Crawled caption data:
☆ ☆ ☆ ☆ ☆

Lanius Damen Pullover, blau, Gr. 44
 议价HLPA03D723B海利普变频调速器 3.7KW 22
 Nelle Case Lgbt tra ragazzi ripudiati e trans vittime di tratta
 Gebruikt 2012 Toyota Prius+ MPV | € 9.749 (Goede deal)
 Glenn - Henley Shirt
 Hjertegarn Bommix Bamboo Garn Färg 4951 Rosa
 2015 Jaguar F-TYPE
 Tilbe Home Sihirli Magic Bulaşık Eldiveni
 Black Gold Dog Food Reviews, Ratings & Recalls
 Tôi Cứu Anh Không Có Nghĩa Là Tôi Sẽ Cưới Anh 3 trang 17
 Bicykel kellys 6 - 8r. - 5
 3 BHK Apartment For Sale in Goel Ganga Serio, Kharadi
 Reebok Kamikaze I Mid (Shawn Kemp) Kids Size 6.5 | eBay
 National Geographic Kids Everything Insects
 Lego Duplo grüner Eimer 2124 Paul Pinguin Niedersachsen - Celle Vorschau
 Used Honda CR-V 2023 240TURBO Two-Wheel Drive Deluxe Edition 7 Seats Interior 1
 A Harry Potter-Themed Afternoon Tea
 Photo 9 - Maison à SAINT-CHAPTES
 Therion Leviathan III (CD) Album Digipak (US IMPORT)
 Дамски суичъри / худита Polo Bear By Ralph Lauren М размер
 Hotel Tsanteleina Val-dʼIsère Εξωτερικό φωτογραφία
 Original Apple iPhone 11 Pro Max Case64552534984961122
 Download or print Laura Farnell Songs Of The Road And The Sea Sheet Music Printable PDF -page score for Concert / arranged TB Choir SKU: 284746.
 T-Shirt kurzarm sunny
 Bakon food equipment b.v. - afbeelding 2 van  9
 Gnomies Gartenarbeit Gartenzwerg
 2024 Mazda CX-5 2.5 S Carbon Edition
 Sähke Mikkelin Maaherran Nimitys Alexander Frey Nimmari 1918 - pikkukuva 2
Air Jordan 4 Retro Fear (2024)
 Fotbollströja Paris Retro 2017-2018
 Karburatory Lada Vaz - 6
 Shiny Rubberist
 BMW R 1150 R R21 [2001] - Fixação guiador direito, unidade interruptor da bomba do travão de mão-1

☆ ☆ ☆ ☆ ☆

Exercise details:
Word for word, restate the lines from the one holding "Used Honda CR-V" to the last line of the records.

Problem solution:
 Used Honda CR-V 2023 240TURBO Two-Wheel Drive Deluxe Edition 7 Seats Interior 1
 A Harry Potter-Themed Afternoon Tea
 Photo 9 - Maison à SAINT-CHAPTES
 Therion Leviathan III (CD) Album Digipak (US IMPORT)
 Дамски суичъри / худита Polo Bear By Ralph Lauren М размер
 Hotel Tsanteleina Val-dʼIsère Εξωτερικό φωτογραφία
 Original Apple iPhone 11 Pro Max Case64552534984961122
 Download or print Laura Farnell Songs Of The Road And The Sea Sheet Music Printable PDF -page score for Concert / arranged TB Choir SKU: 284746.
 T-Shirt kurzarm sunny
 Bakon food equipment b.v. - afbeelding 2 van  9
 Gnomies Gartenarbeit Gartenzwerg
 2024 Mazda CX-5 2.5 S Carbon Edition
 Sähke Mikkelin Maaherran Nimitys Alexander Frey Nimmari 1918 - pikkukuva 2
Air Jordan 4 Retro Fear (2024)
 Fotbollströja Paris Retro 2017-2018
 Karburatory Lada Vaz - 6
 Shiny Rubberist
 BMW R 1150 R R21 [2001] - Fixação guiador direito, unidade interruptor da bomba do travão de mão-1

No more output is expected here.